Digital Branding for Authors at BEA15

Fauzia Burke of FSB Associates and Kristen Frantz of Berrett-Koehler Publishers
Fauzia Burke of FSB Associates and Kristen Frantz of Berrett-Koehler Publishers

One of the cool things about BookExpo America is that there are seminars aimed at authors, publishers, and so on. For the past few years there has been a whole track of programming about the digital space and using digital tools for marketing and commerce.
Fauzia Burke (of FSB Associates) opened by explaining that agent Amy Hughes caught the flu and so didn’t make it, so it was just her and Kristen Frantz (VP of sales and marketing at Berrett-Koehler Publishers).
Fauzia began by answering the question, What is digital branding? “Think about what comes up when you do a Google search for a person. Your website, your social assets, etc.”
“I know the authors in this room are thinking I wrote the book, now I have to be a marketing expert, too? But yes, you have to think about why it’s important. The people who do digital branding get more speaking gigs and they spell more books. If you had a one tweet equals one book sale ratio we would all do it, right? It isn’t so obvious, unfortunately, and it’s not just a sales tool.”
digital_branding_title_slide
She broke digital branding down into 3 components/categories:
• Design
• Engagement
• Visibility
Her main initial point was no matter which component you are working on, “Represent yourself as professionally as possible.”
Google calls it the “zero moment of truth,” the moment when you hear about someone or something and the first thing you do is Google them. That’s when you “make the sale” — right at the beginning. What do people find and what do they think about what they find?
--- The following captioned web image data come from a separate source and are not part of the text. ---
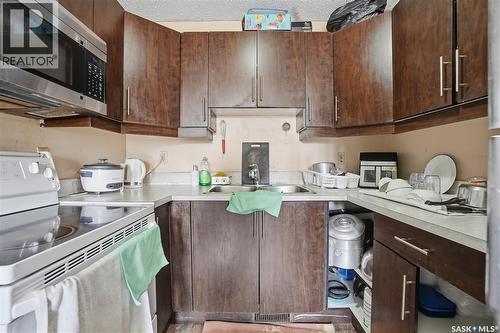 3523 Taylor Street E, Saskatoon, SK - Indoor Photo Showing Kitchen With Double Sink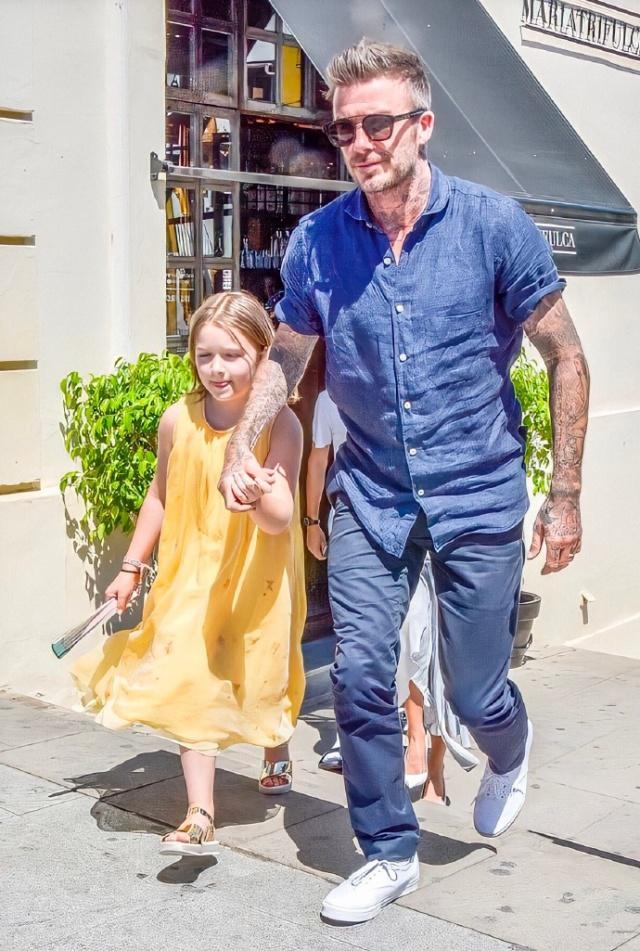 贝克汉姆不顾老婆儿子，牵手8岁女儿疾步行走，小七容貌美翻天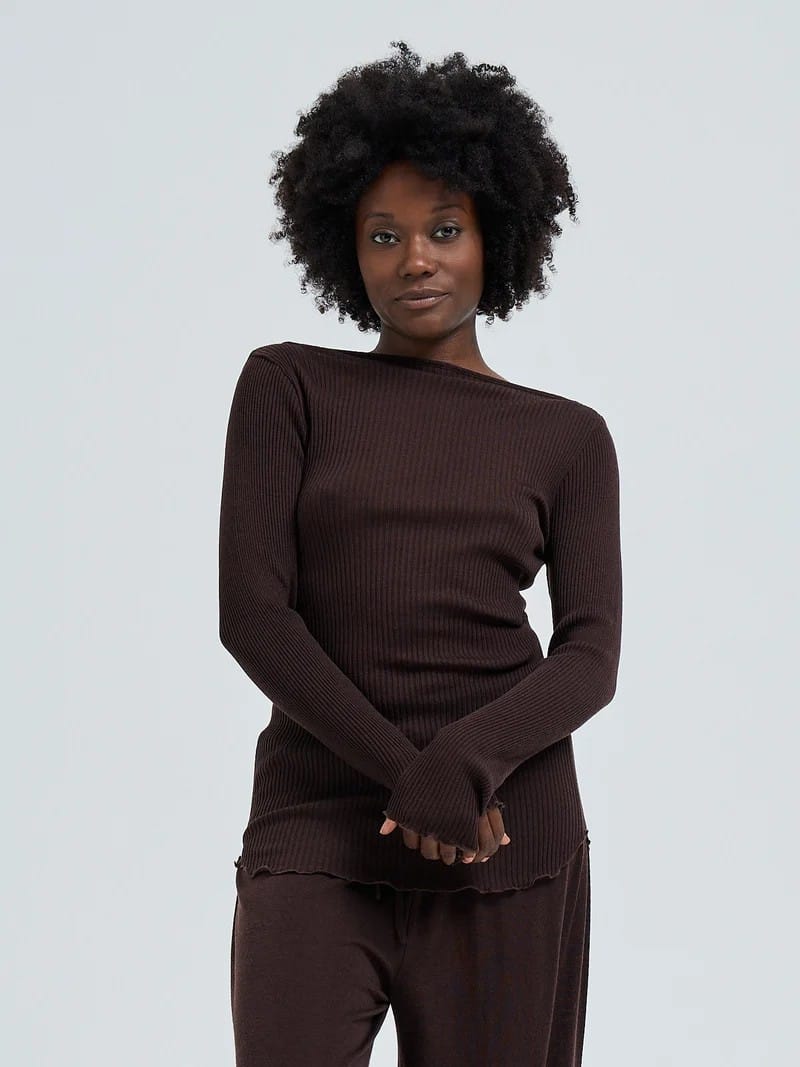 Seamless Basic Genser Dark Brown Seamless Basic- Elegante tynn ullgenser m/båthals kunstkolonialen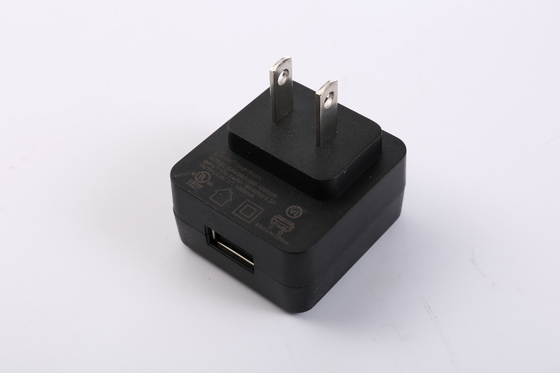 Warna Hitam 6W 5V 1A PD USB Power Adapter 5V 1.2A 5V 0.5A IEC60335 IEC60065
Fauzia, “People make their first impression in a tenth of a second.” So you have to have a look that doesn’t just “capture your brand,” it has to make you look trustworthy and likeable.
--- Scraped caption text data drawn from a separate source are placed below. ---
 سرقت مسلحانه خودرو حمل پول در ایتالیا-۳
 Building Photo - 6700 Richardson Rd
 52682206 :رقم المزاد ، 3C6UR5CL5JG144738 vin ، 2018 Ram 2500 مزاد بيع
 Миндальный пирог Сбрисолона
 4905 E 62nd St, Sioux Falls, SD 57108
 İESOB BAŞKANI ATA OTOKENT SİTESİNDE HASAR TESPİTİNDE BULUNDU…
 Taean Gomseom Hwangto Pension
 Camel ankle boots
The graphic elements people will see:
Website
Social Media Assets/Accounts
Graphics
Book Jacket(s)
She then showed two different versions of an author website. The first one looked about like a Wikipedia page, very Web. 1.0, with just small text and some links. The other was more dynamic and just better looking overall. Especially for an author who was touting a book about innovation it was important not to look like something from 1990.
Fauzia noted, “If we can build up trust and likeability, you become immune to bad reviews.”
Likeable people
-ask questions
-are honest
-don’t seek attention
-are consistent
-smile
I would add myself that “don’t seek attention” might be better put as “don’t come across as an attention seeker.” It goes hand in hand with the advice many social media “gurus” give, which is “be genuine.”
Here’s one big takeaway from Fauzia: “A smaller more engaged community of followers is WAY more important than the total number of followers.”
Visibility has many elements. It’s all the things that put you in front of the public to begin with, and all the things that may lead them to Google you.
Visibility = publicity, advertising, distribution, events
Visibility — all the elements of visibility bring people back to your website or blog. They are not the end of the process, they are the beginning.
There’s also a fundamental difference between social MEDIA and social NETWORKING. Some authors think they can just be on Facebook or Twitter all day and not have their own blog or home base. This is wrong. Blogs are traditionally the kind of social media where you CREATE the media and share it. Facebook (and Twitter, LinkedIn) is really social NETWORKING, but you need that blog as a basis.
There were several good questions from the audience and also Fauzia and Kristen asked each other some questions to:
Q: Is facebook driving sales more?
Fauzia: I think it is driving engagement, and engagement does lead to sales. You don’t do it just for the sales, though, but to build audience even before the book exists. That community of followers shapes the book.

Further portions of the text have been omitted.